Postby Soupspoon » Sat May 06, 2017 3:08 am UTC

I'm not sure I understand your question. But perhaps it'd be like asking you to give me a number from one to fifty two, you say twelve, then I'm dealing out that number of cards before announcing (to the world in general) the eight of diamonds.

If you say twelve then (with that precise pack setup, which one presumes you don't have knowledge of) I'm always going to say 8/D, and any other number gives a different card (consistently so, given consistency of initial shuffle), but you don't tell me what card I will reveal (you don't decide that, you just prompt me as to which direction my choice will go, my choice being limited to your unknowing guidance and my own unrevealed initial card shuffle), and it's not really aimed to affect you back again in this example.
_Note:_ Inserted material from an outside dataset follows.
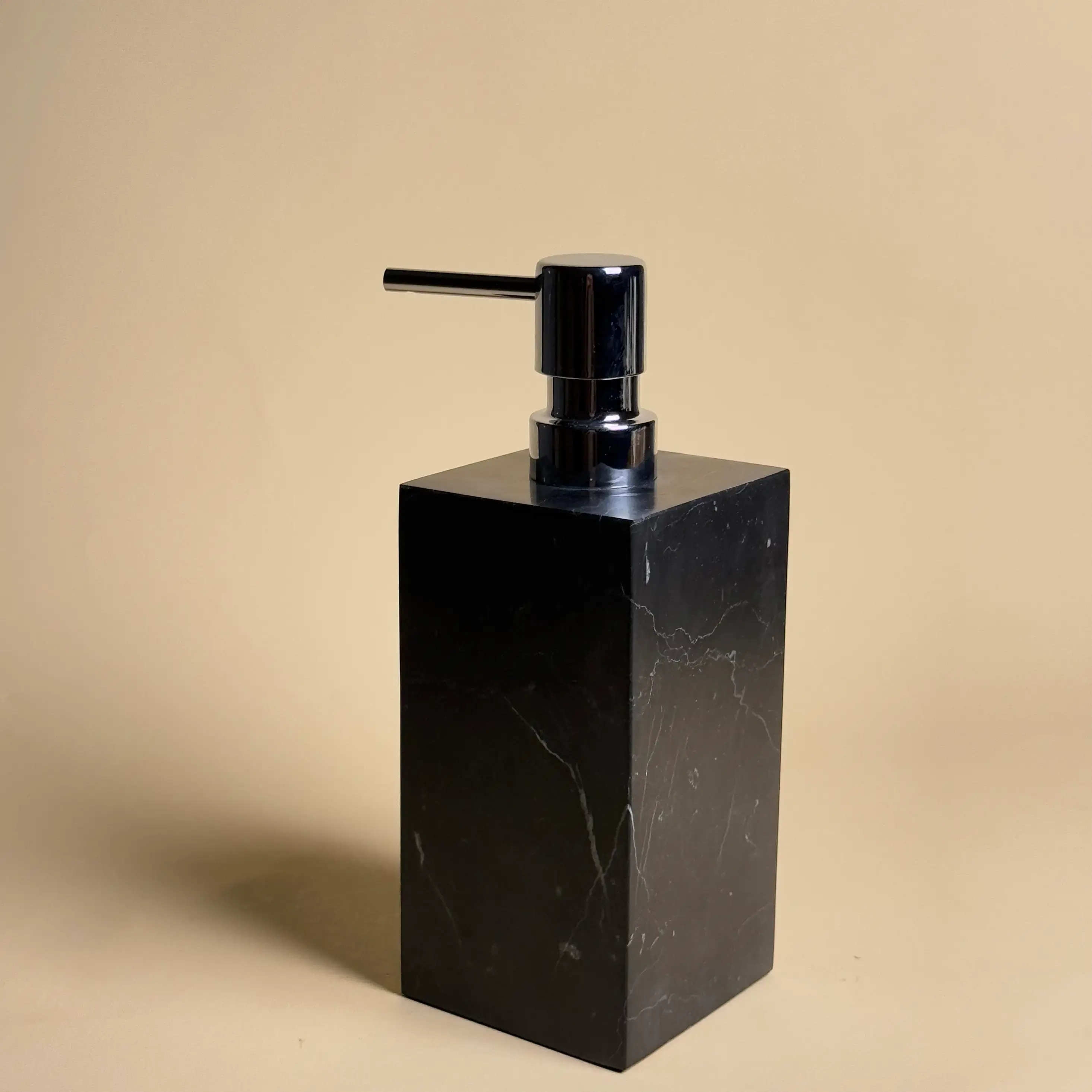 Ensemble d'accessoires Salle de Bain Carré, Petra, Marbre Nero Marquina, Pompe Chromée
Though, through the virtualisation of "if I were to ask you what you would say if I were to ask you what you would say ..., then what would you say?" the Devious asking Oracle about Devious (asking Oracle about Devious (asking Oracle about Devious)) potential1 does put one in mind of being an observer as well as a volounteer participant in the Devious's, little mind-games stage act. But that isn't the same "you", nor (in Devious/Oracle cases) multiple running copies, merely the idea of nested dependencies, soon proved as impossible to be correctly imagined.

Not sure if that even answers the question I think you asked, though.


1 Though we don't actually recurse, as mentioned, because we are told that Oracle has a method that doesn't risk actually running its asked-about program and invoking the unhalting loop. And top-layer Devious just has to contradict Oracle's next-layer 'infallable guess' about Devious, with increasing layers adding nothing to (nor wholly removing) the contradictions.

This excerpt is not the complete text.